This work out can be undertaken almost anywhere and consists of 10 basic exercises carried out for a specified period of time. The only equipment required is a timer /stopwatch. Alternative exercises/equipment can be substituted. |
Beginners: 20 – 30 minutes Intermediates: 35 – 60 minutes
Advanced: 60 – 85 minutes Start with some light stretching for 2 minutes and, if time and place allow, light cardio for 2-5 minutes before moving onto this workout. |
If you have not exercised for some considerable time this is a good place to start. Perform each exercise for 30 seconds before moving onto the next one and repeat until all 10 exercises have been completed. Muscle soreness may mean you are only able to complete this workout every 3-4 days, after several weeks you should able to do this every other day. The ultimate aim is to do this every day, covering 3 sets each workout, perhaps resting up to 2 minutes between sets. Squats.
Sit Ups. Burpees. Push Ups. Steps Ups. Plank. Jumping Jacks. Tricep Dips. Lunges. Back Extensions. Finish with 10 minutes of light cardio followed by 2 minutes of stretching. |
If you have been exercising for a little while, this may be a good place for you to start. You should be able to this every day or every other day, perform each exercise for 45 seconds and be looking to cover 2-4 sets each workout, with up to 60 seconds rest between sets. For a few repetitions of each exercise you should be looking to do variations of that exercise, in order to add variety and build your strength in a different range of motion. Squats.

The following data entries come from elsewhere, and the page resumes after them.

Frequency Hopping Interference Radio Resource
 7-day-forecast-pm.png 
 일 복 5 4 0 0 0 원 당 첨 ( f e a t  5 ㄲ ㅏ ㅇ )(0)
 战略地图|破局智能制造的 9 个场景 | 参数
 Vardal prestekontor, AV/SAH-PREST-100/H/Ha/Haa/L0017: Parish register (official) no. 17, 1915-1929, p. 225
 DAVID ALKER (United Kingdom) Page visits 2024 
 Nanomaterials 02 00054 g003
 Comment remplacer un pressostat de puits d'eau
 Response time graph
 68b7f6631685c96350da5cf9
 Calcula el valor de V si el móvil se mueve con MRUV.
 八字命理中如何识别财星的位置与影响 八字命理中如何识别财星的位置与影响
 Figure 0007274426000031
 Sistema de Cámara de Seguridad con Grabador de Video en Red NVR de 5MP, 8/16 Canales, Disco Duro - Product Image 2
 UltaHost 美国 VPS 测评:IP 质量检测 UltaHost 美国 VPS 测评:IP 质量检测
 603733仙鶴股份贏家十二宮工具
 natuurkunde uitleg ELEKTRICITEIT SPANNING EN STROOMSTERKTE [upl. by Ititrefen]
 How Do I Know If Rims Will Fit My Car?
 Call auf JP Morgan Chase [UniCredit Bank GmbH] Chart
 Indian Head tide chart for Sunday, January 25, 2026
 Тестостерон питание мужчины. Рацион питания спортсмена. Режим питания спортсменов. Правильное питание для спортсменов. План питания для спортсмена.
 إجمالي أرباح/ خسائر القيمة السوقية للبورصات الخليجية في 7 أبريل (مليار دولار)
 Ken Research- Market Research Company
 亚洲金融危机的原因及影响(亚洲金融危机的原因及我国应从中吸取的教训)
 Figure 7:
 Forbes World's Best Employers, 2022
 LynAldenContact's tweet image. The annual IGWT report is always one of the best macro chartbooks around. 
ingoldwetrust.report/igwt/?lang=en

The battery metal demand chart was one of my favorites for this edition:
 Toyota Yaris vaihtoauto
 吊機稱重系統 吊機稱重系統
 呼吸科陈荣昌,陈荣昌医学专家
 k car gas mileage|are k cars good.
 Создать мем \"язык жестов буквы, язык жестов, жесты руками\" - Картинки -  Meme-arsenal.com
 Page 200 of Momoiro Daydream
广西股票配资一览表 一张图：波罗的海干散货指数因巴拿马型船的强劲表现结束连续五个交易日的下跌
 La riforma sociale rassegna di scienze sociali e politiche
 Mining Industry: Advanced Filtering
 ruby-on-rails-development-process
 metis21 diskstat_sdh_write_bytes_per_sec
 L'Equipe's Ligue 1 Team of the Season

Sit Ups. Burpees. Push Ups. Steps Ups. Plank. Jumping Jacks. Tricep Dips. Lunges. Back Extensions. Finish with 15 minutes of cardio, followed by 2-4 minutes of stretching. |
This should be a typical everyday workout for you and could even be your rest day workout from weight training. The exercises should be very easy to complete, perform each one for 1 minute and the aim is to complete 3-5 sets, with little or no rest between sets. Each set you should be looking to do a different variation of each particular exercise. Squats.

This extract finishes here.